# 5ft (93gal) build



## Alasse

I have an empty 5ft tank, been empty since may 'cause i didnt know what i wanted to do with it. So yep, i've now had some thoughts

Tank: 5' x 20"x 18"
Filter: Fluval 405
Heater: 2x 300W
Light: 2x 4ft T8
Substrate: Propagating sand, Laterite, Marble chips, Blood & Bone, topped with course sand/or fine gravel.
Hardscape: Goldvine/Wood I find myself & Rocks (gotta do a landscape crawl to find some i like)
Plants: Crypts will feature big, other than them unsure
CO2: Probably not
Fertz: Maybe if needed
Livestock: Unsure, will think about that closer to completion

This will not be a speedy build, as i will be making a 3D background for the tank before anything else can happen. It will come together eventually, and i will update as things happens,

Possible wood found, it will get some trimming to make it go where I want it. Gives you an idea on size sitting in the 5ft, the wood is approx. 4ft or just over. I do like the branchiness of it



I may find something I like more, but this piece has potential


----------



## Alasse

Today I picked up foam to do that background a thick 4x2 piece and a thinner piece. I've decided I'm going to grab another of the thicker 4x2 pieces tomorrow as I want to do some of the side panels also. There will also be some rock made for the base of the tank.
I also bought today some silicone tubes and the sealer for when the render work is done
Tomorrow I will be picking up a tin of expanding foam to help fill out the background.
I will require more render, as the bit I have, while it will get me started, will not be enough to do this size background


----------



## Alasse

Started the foam work tonight, but have come to a screeching halt, I forgot to get nylon flyscreen, cannot keep going as it needs to be installed early in the build....Will have to pick up some screen tomorrow....grrrrrrrrrrr


----------



## Alasse

Sooooo yep, the foam work is getting there, this is not finished though, but figured people like to see pics lol



This will get divided into 3 sections before it starts to get coated


----------



## Raymond S.

So far, my mind draws a blank when I try to imagine something like this for my tank. Not saying I would even try it/w a ten G tank. But rather I had thought about trying it on a larger one that I might buy just for that. 
You sure aren't short for imagination though. Looks great. Will be watching this thread.


----------



## Alasse

I love it, I don't plant it, just sorta flows. My house looks like its covered in white snow at the moment lol. I am going to get myself a hot wire for future I think, the knife just makes so much mess! I honestly have foam in places foam just should not be lol

I am stuck at home for the next 6 weeks and cant do much, so I needed a project


----------



## Alasse

An update: Still not finished, but starting to fill out


----------



## dam718

That background is really starting to come together nicely... I would never attempt anything like this though... LoL I'm just not creative enough

For my next tank, which will be a 55, I'm considering a 3D background, but I'll be spending the $$$ for someone else to do all this work... If I made it, it would suck!

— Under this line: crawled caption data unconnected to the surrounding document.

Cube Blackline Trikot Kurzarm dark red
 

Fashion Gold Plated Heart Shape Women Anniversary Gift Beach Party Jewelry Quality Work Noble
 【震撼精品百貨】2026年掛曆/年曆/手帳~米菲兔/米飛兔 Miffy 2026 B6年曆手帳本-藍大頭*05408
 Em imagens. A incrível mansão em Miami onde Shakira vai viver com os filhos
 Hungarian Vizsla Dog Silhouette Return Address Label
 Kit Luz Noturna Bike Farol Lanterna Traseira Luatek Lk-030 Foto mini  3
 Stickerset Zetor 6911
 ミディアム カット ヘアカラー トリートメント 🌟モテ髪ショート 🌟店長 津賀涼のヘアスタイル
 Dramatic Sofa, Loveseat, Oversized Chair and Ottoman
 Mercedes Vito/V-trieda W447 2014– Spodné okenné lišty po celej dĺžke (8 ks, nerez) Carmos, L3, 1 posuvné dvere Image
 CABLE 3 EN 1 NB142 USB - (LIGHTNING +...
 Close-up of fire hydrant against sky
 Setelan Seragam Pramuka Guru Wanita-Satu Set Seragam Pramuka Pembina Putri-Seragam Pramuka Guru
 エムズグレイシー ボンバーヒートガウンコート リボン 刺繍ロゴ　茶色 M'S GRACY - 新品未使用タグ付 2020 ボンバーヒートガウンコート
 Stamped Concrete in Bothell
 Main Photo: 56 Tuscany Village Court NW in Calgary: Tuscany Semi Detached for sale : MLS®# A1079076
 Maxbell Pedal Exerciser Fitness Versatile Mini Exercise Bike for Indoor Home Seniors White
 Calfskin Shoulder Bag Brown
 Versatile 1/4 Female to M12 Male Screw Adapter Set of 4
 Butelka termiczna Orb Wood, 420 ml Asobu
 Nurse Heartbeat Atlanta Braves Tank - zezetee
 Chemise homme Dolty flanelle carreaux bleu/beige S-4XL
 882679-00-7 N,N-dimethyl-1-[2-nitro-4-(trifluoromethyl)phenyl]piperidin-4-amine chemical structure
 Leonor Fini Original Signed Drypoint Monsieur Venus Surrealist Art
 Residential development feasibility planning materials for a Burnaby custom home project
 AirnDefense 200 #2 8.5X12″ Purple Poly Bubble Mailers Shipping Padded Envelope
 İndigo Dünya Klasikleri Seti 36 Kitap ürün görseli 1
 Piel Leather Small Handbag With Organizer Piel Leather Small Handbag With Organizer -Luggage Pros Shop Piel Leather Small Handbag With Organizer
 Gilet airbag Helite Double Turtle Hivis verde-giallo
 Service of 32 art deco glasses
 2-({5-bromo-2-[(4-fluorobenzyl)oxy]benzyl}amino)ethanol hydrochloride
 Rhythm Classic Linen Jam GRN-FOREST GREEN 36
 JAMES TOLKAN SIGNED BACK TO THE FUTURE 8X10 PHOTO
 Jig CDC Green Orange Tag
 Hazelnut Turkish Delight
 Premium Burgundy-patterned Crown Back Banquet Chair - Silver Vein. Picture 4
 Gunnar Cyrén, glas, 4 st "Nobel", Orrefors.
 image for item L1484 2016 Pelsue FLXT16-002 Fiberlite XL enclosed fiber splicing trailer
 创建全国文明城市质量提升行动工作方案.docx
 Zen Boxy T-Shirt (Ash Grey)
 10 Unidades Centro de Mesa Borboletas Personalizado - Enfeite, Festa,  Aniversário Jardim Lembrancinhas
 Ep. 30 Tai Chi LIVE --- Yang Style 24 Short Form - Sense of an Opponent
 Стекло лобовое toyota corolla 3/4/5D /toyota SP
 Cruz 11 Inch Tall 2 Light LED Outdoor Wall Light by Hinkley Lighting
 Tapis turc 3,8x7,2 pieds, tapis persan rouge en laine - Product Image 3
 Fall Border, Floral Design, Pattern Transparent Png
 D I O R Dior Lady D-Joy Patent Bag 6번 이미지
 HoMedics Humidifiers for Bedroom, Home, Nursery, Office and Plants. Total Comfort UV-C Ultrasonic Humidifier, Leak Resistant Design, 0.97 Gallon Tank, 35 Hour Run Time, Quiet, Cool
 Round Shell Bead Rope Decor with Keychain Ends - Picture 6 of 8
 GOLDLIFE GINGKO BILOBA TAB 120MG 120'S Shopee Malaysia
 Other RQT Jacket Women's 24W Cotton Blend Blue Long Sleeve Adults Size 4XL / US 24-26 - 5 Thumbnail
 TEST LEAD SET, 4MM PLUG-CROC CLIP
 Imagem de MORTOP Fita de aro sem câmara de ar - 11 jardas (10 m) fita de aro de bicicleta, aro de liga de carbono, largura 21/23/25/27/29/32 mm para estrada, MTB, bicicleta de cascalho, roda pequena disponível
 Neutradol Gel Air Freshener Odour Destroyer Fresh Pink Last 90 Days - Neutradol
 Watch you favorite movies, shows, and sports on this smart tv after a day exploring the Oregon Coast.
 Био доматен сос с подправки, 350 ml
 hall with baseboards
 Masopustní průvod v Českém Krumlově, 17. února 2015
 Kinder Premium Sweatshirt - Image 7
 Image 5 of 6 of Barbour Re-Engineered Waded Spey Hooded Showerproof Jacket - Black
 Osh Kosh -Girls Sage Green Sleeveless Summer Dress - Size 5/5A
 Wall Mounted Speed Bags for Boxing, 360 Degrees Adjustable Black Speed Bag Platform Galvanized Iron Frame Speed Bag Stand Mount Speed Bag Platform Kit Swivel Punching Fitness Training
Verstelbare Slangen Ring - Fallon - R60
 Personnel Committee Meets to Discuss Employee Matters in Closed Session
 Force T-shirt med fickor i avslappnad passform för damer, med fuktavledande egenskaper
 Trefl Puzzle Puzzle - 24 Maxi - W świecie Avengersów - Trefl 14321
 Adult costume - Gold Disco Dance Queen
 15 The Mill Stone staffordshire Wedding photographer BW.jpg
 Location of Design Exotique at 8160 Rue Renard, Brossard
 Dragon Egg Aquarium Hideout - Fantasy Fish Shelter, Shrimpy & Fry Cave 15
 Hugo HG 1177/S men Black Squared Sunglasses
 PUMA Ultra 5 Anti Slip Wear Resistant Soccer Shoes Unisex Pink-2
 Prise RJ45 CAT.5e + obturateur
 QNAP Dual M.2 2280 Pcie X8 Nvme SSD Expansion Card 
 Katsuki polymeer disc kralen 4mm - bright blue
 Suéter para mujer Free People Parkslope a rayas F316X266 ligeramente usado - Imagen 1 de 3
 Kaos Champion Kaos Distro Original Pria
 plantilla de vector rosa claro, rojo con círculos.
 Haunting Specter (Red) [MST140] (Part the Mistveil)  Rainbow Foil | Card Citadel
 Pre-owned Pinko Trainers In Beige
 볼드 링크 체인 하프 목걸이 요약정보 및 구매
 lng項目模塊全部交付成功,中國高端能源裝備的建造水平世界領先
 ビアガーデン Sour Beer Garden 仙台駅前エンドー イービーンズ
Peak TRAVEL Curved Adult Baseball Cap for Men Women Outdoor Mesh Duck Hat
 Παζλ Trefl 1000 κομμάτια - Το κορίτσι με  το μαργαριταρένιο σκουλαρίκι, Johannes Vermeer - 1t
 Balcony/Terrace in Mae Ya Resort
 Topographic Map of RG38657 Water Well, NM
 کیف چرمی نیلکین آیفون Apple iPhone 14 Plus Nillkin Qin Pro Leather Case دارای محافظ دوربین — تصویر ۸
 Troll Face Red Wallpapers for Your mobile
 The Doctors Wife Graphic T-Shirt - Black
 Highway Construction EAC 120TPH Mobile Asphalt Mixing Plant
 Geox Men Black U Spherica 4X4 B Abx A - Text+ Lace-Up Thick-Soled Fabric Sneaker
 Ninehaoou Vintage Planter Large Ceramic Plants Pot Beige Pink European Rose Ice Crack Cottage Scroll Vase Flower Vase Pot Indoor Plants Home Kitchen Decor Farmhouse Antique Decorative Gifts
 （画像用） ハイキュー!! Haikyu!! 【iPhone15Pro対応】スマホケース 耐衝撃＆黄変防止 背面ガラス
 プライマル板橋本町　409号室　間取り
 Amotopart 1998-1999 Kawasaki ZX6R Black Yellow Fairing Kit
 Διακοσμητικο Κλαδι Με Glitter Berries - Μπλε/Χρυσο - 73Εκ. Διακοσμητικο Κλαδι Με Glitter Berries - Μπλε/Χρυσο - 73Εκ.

You, on the other hand, are doing great!


----------



## Alasse

Its easy, honest, and a lot of fun. Even making them, while cheaper than a bought one, its not as cheap as people think.
I like em mainly because you know that what you have is a one of a kind


----------



## dam718

True enough about yours being one of a kind... But, other than BIG TIME aquarium hobbyists, I don't think anyone is going to walk into my house and say "Hey Dave, is that 3D background from ATG-Scape??"

So, at least everyone I know will THINK it's one of a kind!  Even though we'll all know better


----------



## Alasse

LOL...I'm already thinking of the next one. Gonna add pvc caves into the foamwork for cichlids...but yeah gotta finish this one first lol


----------



## Alasse

Soooooo where are we up to:

The foam work is pretty much done, it has now been cut into 6 pieces (yep underestimated size lol)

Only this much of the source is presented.